Of course, the main reason for such a routine would be to make your program compatible with older processors.
You didn't understand my point.

PEXT is used in chess engines as a replacement for magic mask/multiply/shift operation. What it does is map the (masked) occupancy into an index of N bits, where N=popcnt(mask).

But software PEXT is useless, unless it's as fast (or faster) than magics. On PEXT processors, of course, you should use hardware PEXT (the fastest, faster than magics). But on PEXTless processors, you still should use magics, because they are faster than software PEXT.
Theory and practice sometimes clash.
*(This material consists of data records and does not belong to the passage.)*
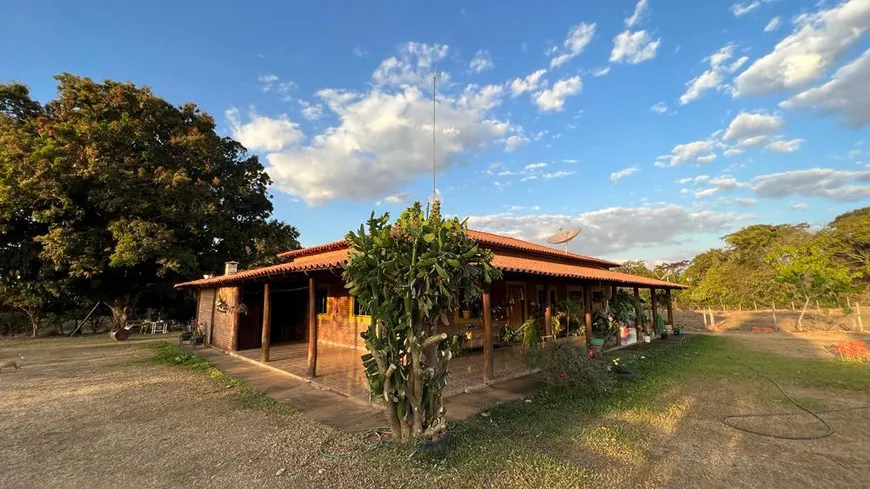 Foto 1 de Fazenda/Sítio com 4 Quartos à venda, 48400m² em Zona Rural, Orizona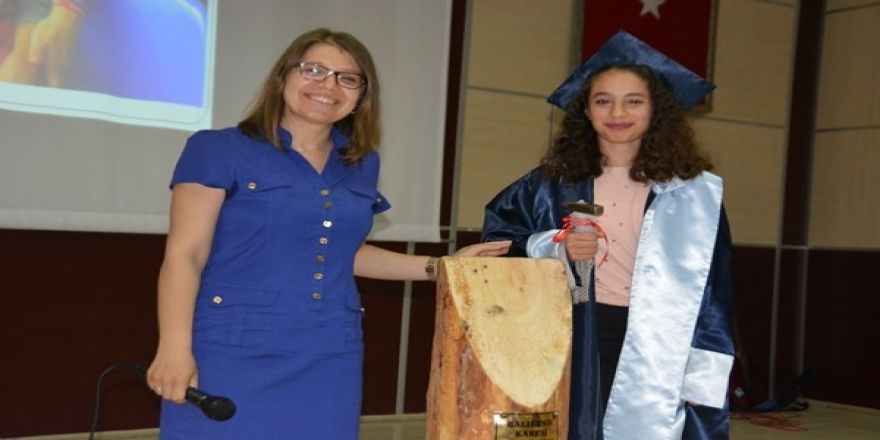 Karesi Ortaokulunda mezuniyet coşkusu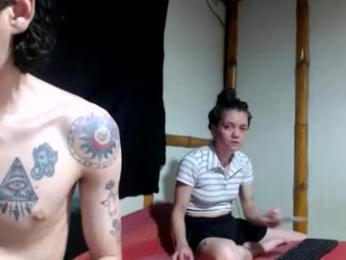 miahells webcam model stream image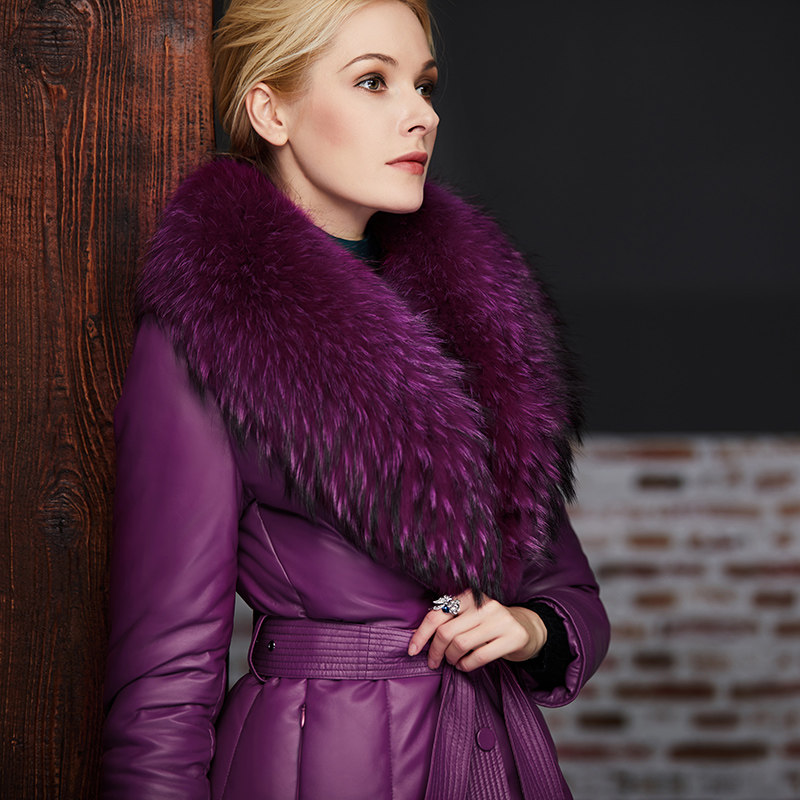 U N Q luxurious whole leather big raccoon fur collar in the middle long version of sheep skin thickened warm genuine leather down clothes woman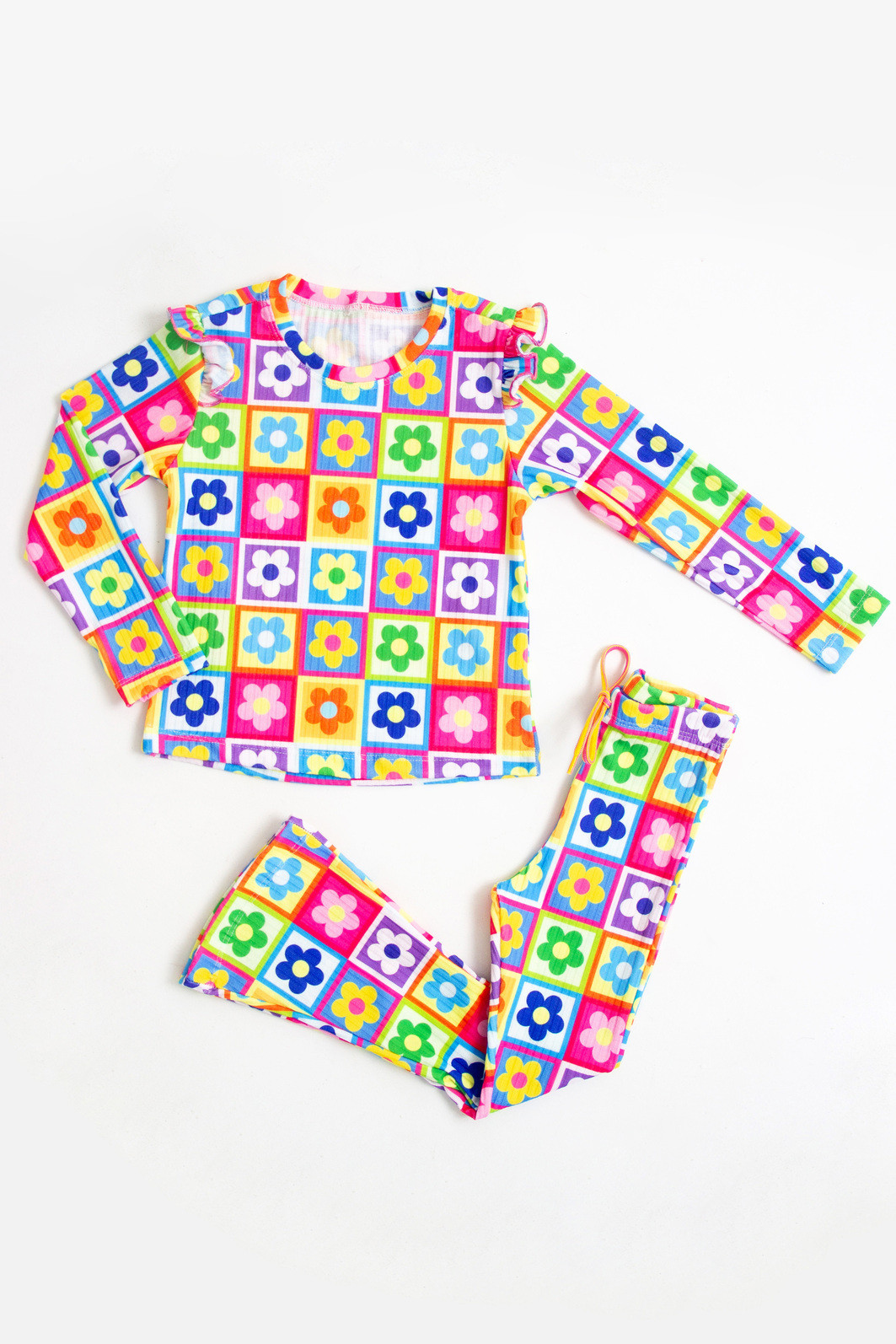 CONJUNTO CALÇA FLARE E BLUSA FLORES QUADRICULADO CONJUNTO CALÇA FLARE E BLUSA FLORES QUADRICULADO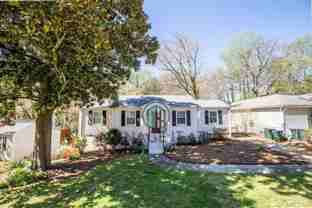 2212 Clairmont Ter Ne - Photo 1 of 1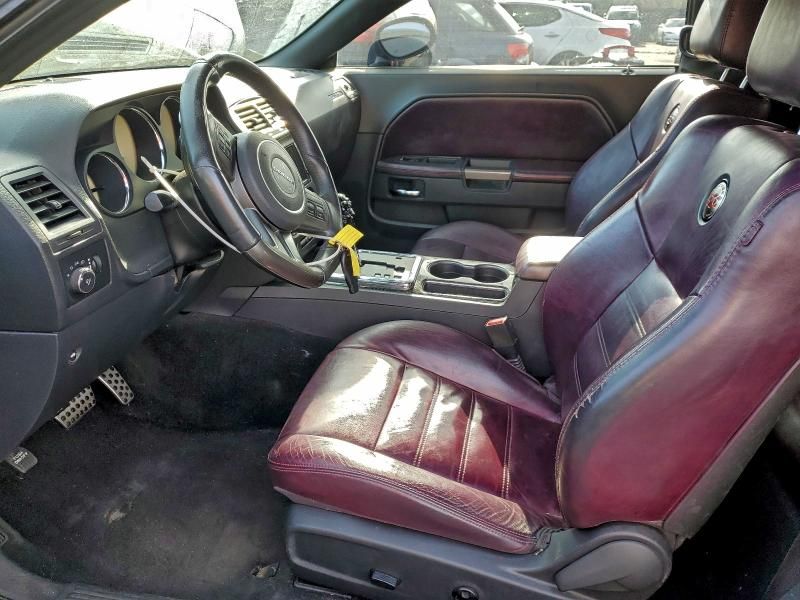 2014 Dodge Challenger sxt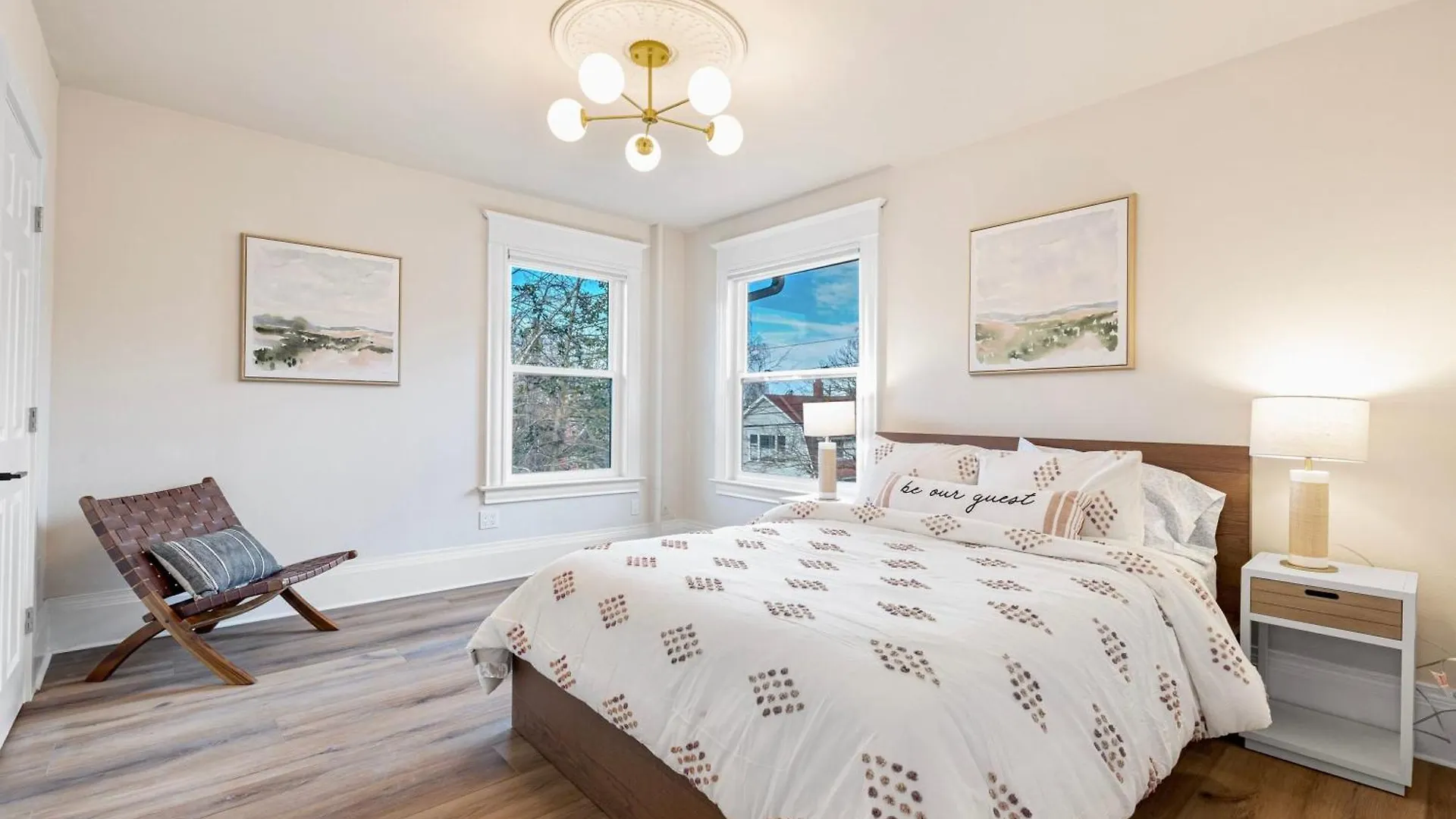Vintage Meets Modern Spacious Capitol Hill Single Family Home With 97 Walk Score Seattle Holiday home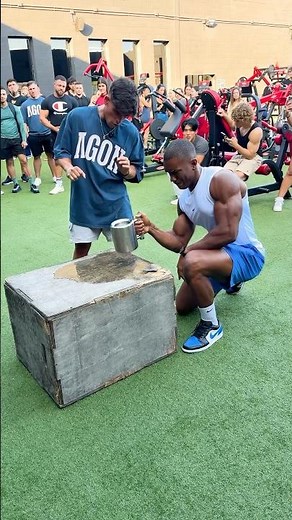 The strongest BODYBUILDER lifts the THOR JAR 🤯
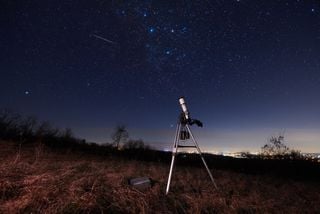 Chuva de meteoros Aurígidas 2025: quando e como ver o espetáculo das estrelas?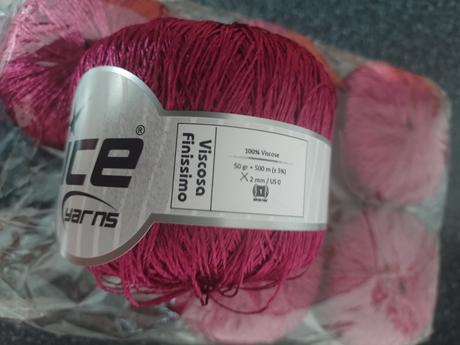 6ks nová priadza zn.ice viscose 50g-500m,
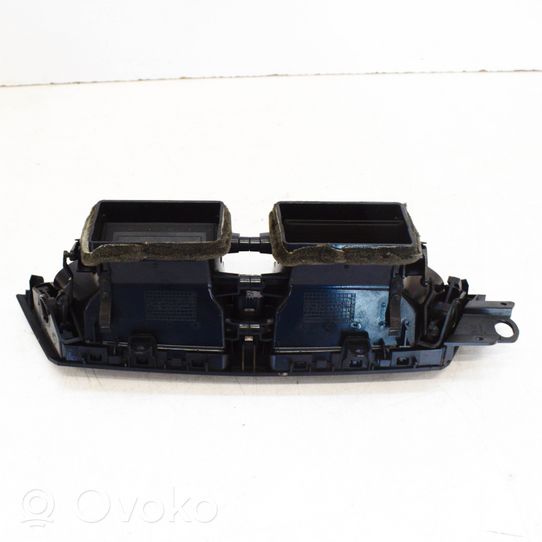 BMW X1 E84 Lango oro grotelės 9258354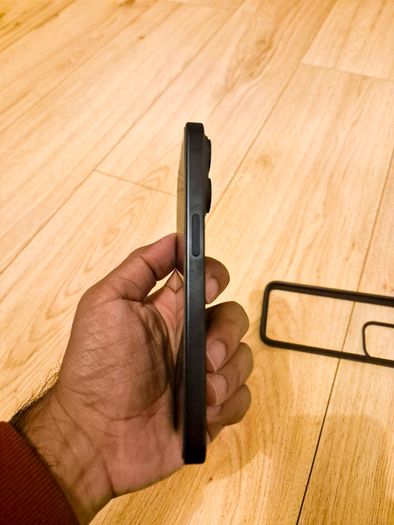 Apple iPhone 15 Pro 256GB + Apple Watch Series 5 44mm (With Premium Accessories)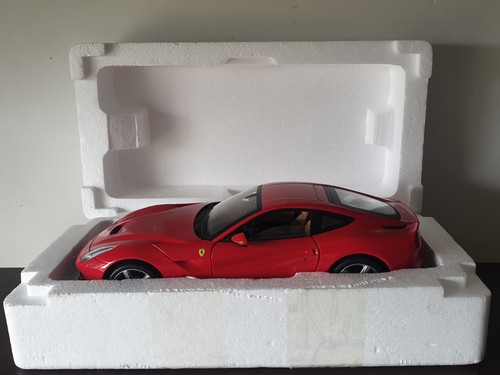 Scale diecast hot wheels - scale,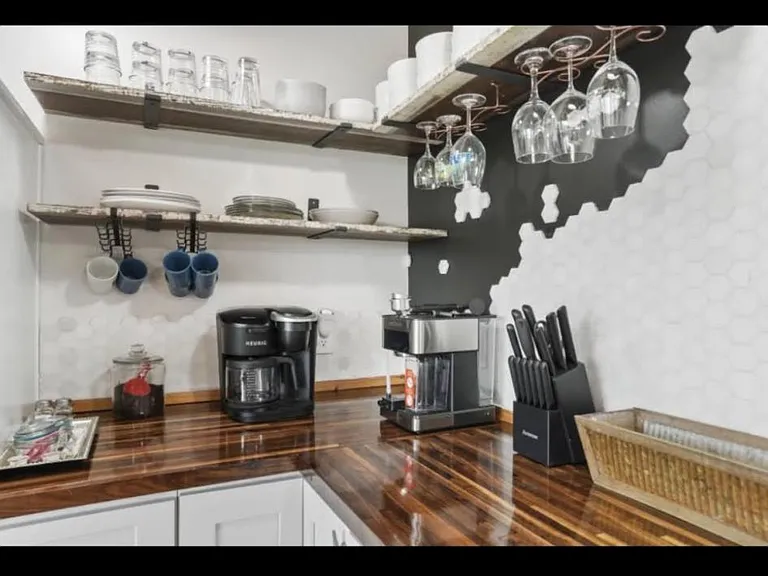 551 Demarett Dr #4 — Photo 9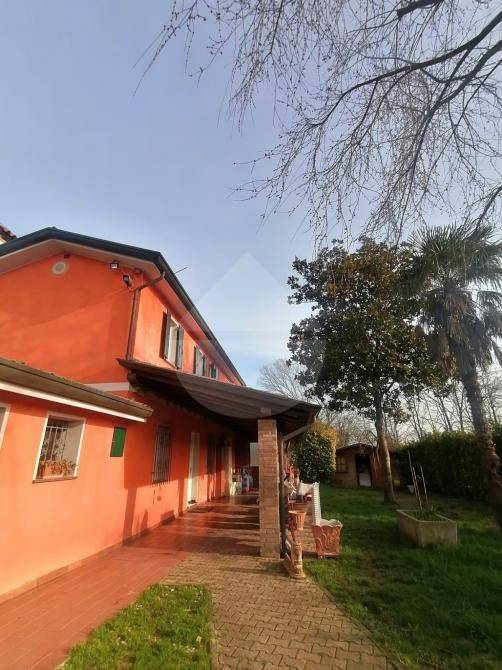 casa indipendente in vendita a Noventa di Piave in zona Romanziol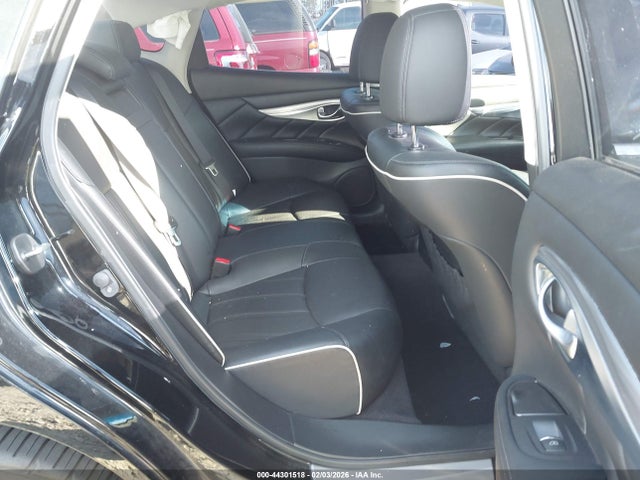44301518 :رقم المزاد ، JN1BY1AR0KM585679 vin ، 2019 Infiniti Q70 3.7x Luxe مزاد بيع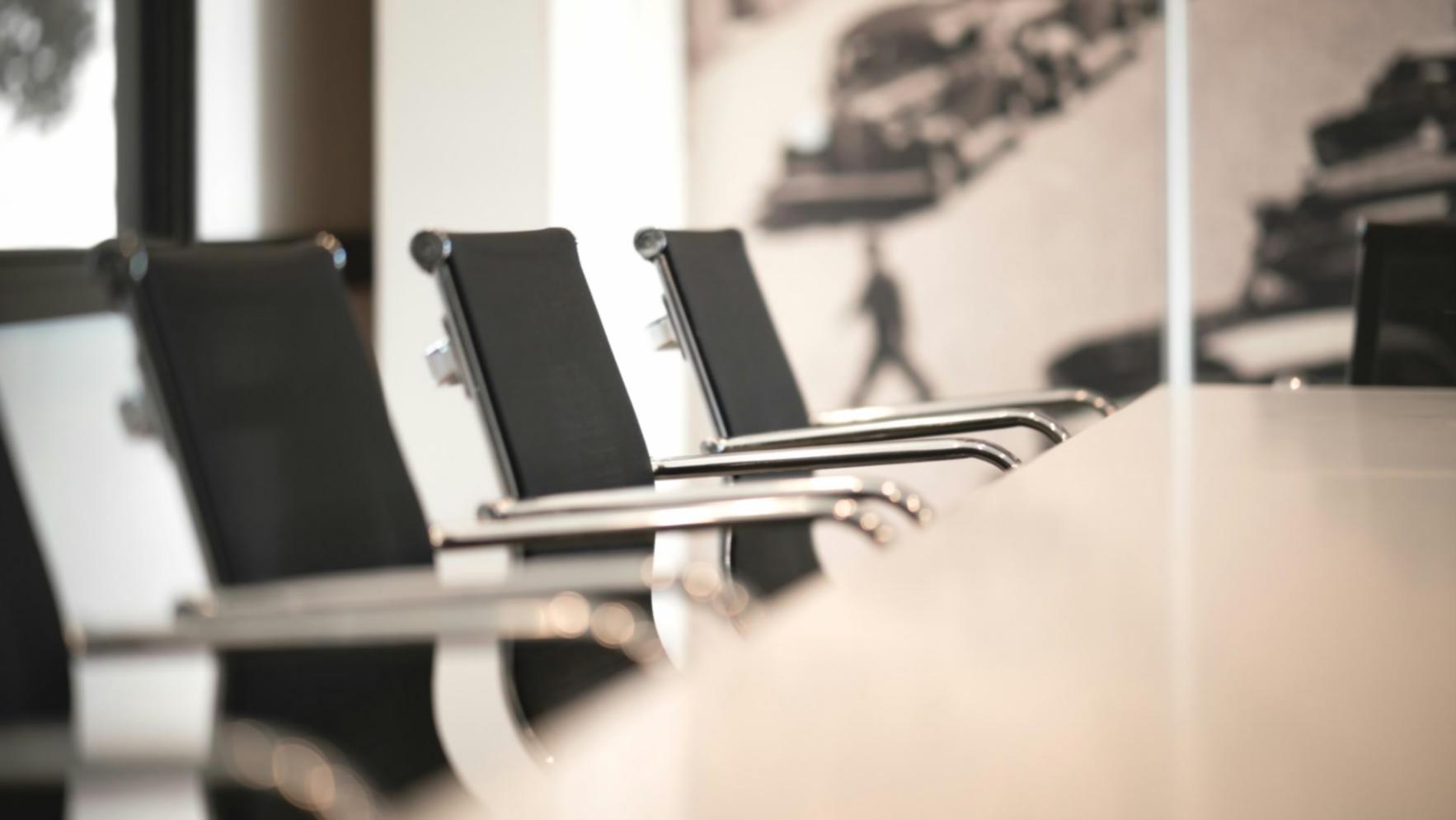 Moderne digitale Bibliothek mit Finanzlernmaterialien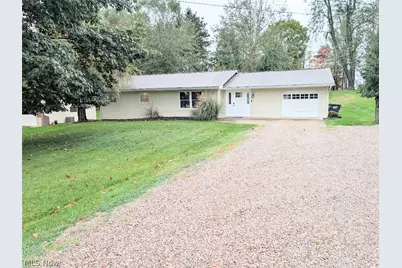 270 E Highland Drive, Zanesville, OH 43701 - Photo 3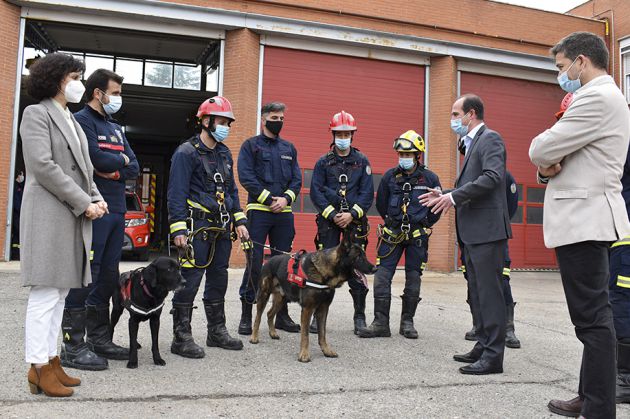 Presentación de la Unidad Canina con el alcalde, concejales y bomberos Presentación de la Unidad Canina con el alcalde, concejales y bomberos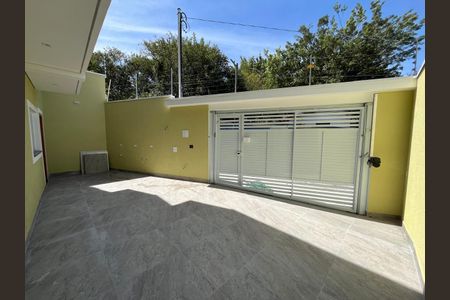 Casa à venda com 70m², 3 quartos e 2 vagas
And when that happens, theory loses. Every single time.
jwes
Posts: 778
Joined: Sat Jul 01, 2006 7:11 am

Re: PEXT Bitboards

Post by jwes »

lucasart wrote:
jwes wrote:
lucasart wrote:To make software PEXT useful for chess, it needs to be on par with magic multiplication. And I really don't think the above will be.

So, the choice is still between hardware PEXT and Magic.
Of course, the main reason for such a routine would be to make your program compatible with older processors.
You didn't understand my point.

PEXT is used in chess engines as a replacement for magic mask/multiply/shift operation. What it does is map the (masked) occupancy into an index of N bits, where N=popcnt(mask).

But software PEXT is useless, unless it's as fast (or faster) than magics. On PEXT processors, of course, you should use hardware PEXT (the fastest, faster than magics). But on PEXTless processors, you still should use magics, because they are faster than software PEXT.
It's a choice of how to spend your time. I would rather make my program stronger on newer processers while doing the minimum necessary to make it run on older processors. I went from rotated bitmaps to PEXT and have no desire to implement magic bitmaps.